ATTORE oltre che musicista, Khorshid si mette in luce in Egitto nei sessanta e nei primi settanta come brillante chitarrista, tanto da accompagnare massime star della msuica egiziana, cantanti mitici come Oum Kalsoum, Abdel halim Hafez e Farid El Atrache. Poi, a partire dall’esilio nel ’73, comincia a registrare degli album, fra cui Giant + Guitar, decisamente innovativi nel panorama della musica mediorientale dell’epoca: pubblicato nel ’74 – dunque alle soglie della guerra civile libanese – Giant + Guitar diventa subito popolare nel mondo arabo. Quello che è nuovo è soprattutto il sound, e il gusto degli arrangiamenti, con la chitarra elettrica di Khorshid e l’impiego del sintetizzatore, una strumentazione con cui Khorshid conferisce una tonalità psichedelica, ma a volte anche una spigliatezza, una disinvoltura inedite a brani con stilemi tipici della musica araba di allora. La fama di Khorshid si consolida tanto che nel ’77 il presidente egiziano Sadat lo invita ad esibirsi alla Casa Bianca davanti a Carter in una delle cerimonie per la pace Egitto/Israele. Attivo poi soprattutto come attore per il cinema, muore nell’81, a trentasei anni, in un incidente d’auto a Giza, in Egitto.

UN INCIDENTE d’auto nel 2005 ha chiuso prematuramente anche l’esistenza del palestinese Riad Awwad. Nel dicembre dell’87, pochi giorni dopo l’inizio della prima Intifada, Awwad, giovane ingegnere di specializzato in apparecchiature musicali, riunisce la famiglia nel salotto di casa e chiede di aiutarlo a registrare una canzone sulla rivolta. Il brano, intitolato appunto Intifada, viene inciso con tastiere e batteria elettronica e con le voci di due sorelle di Riad, Nariman e Alia. Riad realizza altri brani, con titoli eloquenti: «Io sono di Gerusalemme», «La mia terra il mio popolo», «Palestinese», «Patria», «Rivolta», «Quarant’anni» – gli anni che erano passati dalla espulsione dei palestinesi dalla loro terra. Per i testi contribuisce un’altra sorella di Riad, Hanan (oggi, settantenne, nota scrittrice e attivista), e le parole per una canzone le firma Mahmoud Darwish, il poeta che è stato un simbolo della resistenza palestinese. Riad confeziona una cassetta, ne stampa tremila copie, e comincia a distribuirle a Gerusalemme e in Cisgiordania: ma la maggior parte viene subito sequestrata dall’esercito israeliano, e Riad è arrestato, interrogato, torturato, e detenuto per mesi.

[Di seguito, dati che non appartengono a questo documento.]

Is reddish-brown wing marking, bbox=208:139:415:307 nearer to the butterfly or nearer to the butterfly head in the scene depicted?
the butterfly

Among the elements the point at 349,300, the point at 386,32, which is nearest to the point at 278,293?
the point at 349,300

Nel 2020, Mo’min Swaitat, attore e regista (e collezionista di dischi) palestinese che vive a Londra, ha trovato a Jenin, sua città natale, migliaia di cassette di musica palestinese nel deposito di una etichetta locale ormai estinta: musica beduina, per matrimoni, canzoni rivoluzionarie, disco music. Fra queste Intifada. Swaitat ha ottenuto un finanziamento per un progetto (Majazz Project) di recupero e valorizzazione di registrazioni di musica palestinese, e col titolo di The Intifada 1987, la cassetta è stata ripubblicata in digitale e vinile.

CON UNA COMPILATION di brani anni ottanta di Hamid El Shaeri, intitolata The Slam Years, la Habibi Funk riporta alla fase di ascesa del jeel, genere giovanile egiziano che nei novanta fa furore anche in altri paesi arabi. Nato nel ’61 a Bengasi, in Libia, El Shaeri espatria in Egitto per insofferenza per la politica culturale di Gheddafi: il suo hit Lolaiki, uscito nell’88, vende oltre un milione di copie. Nata all’inizio del decennio, la Slam è una delle etichette egiziane che negli ottanta puntano sul nuovo formato della cassetta, rivoluzionando il mercato della musica in Egitto.